▶ Information shown
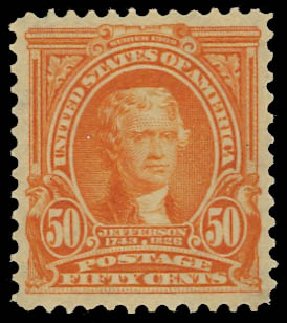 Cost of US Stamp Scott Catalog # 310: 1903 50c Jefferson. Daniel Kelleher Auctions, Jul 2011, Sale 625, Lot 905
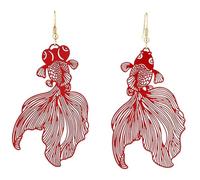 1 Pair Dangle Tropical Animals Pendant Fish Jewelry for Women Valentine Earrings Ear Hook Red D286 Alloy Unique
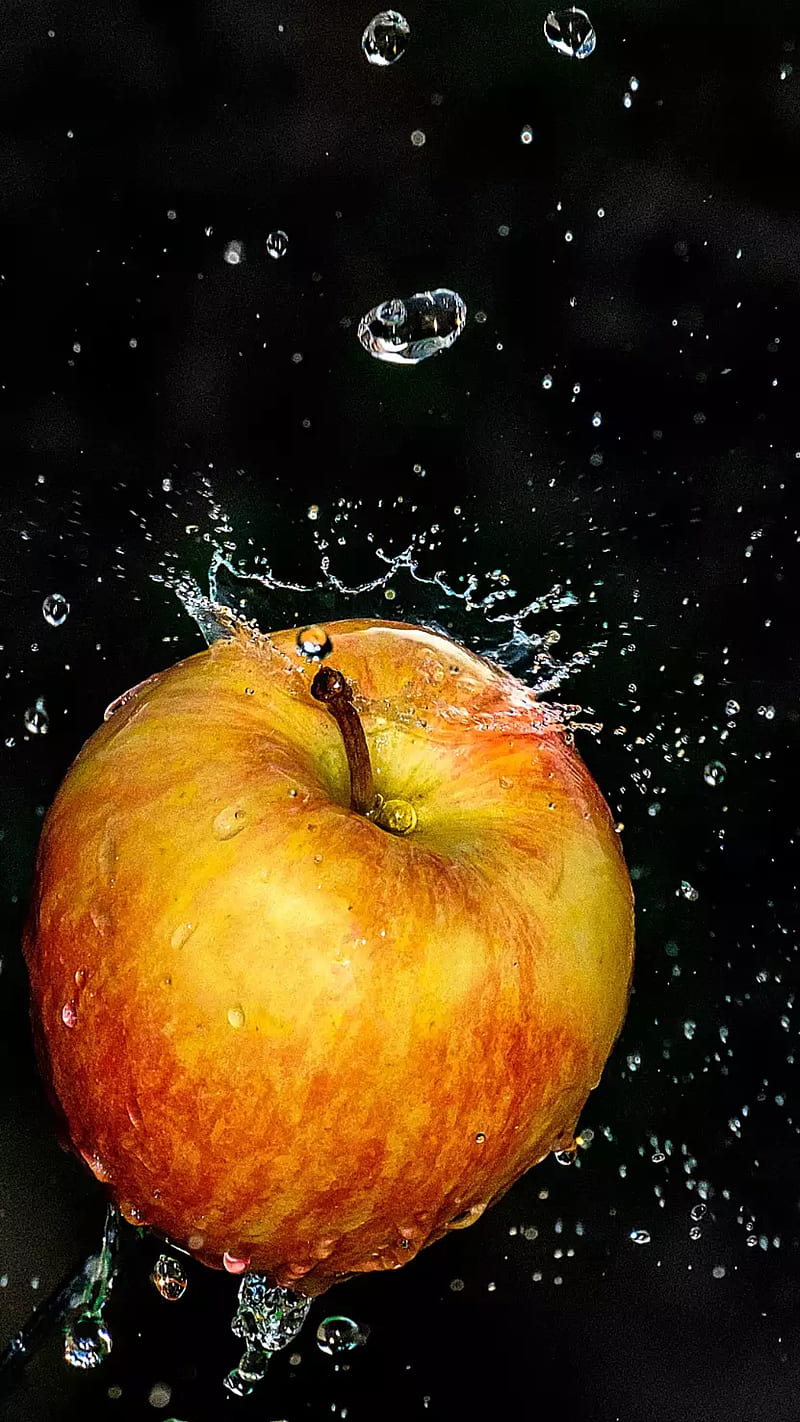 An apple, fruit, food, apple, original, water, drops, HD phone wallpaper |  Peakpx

* * *

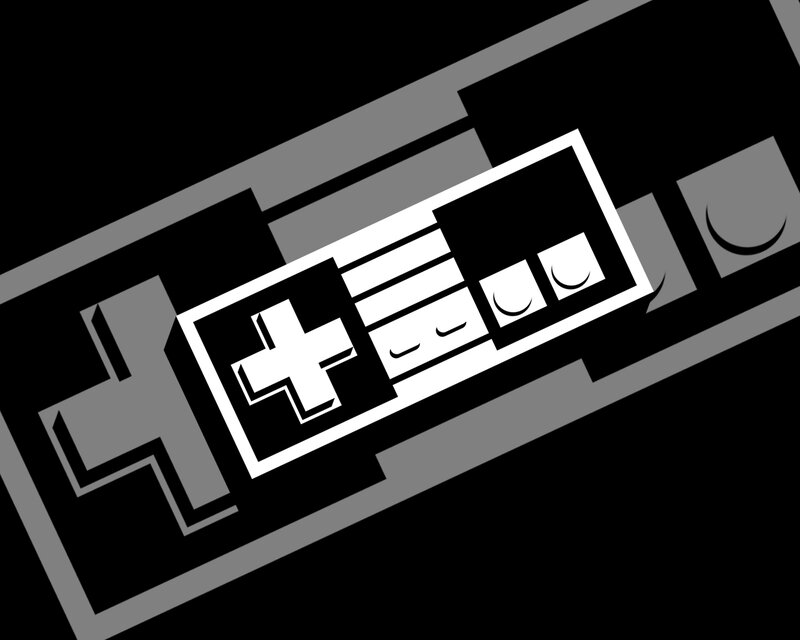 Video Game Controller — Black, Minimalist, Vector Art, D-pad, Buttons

▶ Exercise
Line for line, output the entries above from the line with "Cost of US Stamp" to the line with "An apple, fruit, food, apple, original, water, drops, HD", both included, and nothing more. Skip pictures.

▶ Exercise result
 Cost of US Stamp Scott Catalog # 310: 1903 50c Jefferson. Daniel Kelleher Auctions, Jul 2011, Sale 625, Lot 905
 1 Pair Dangle Tropical Animals Pendant Fish Jewelry for Women Valentine Earrings Ear Hook Red D286 Alloy Unique
 An apple, fruit, food, apple, original, water, drops, HD phone wallpaper |  Peakpx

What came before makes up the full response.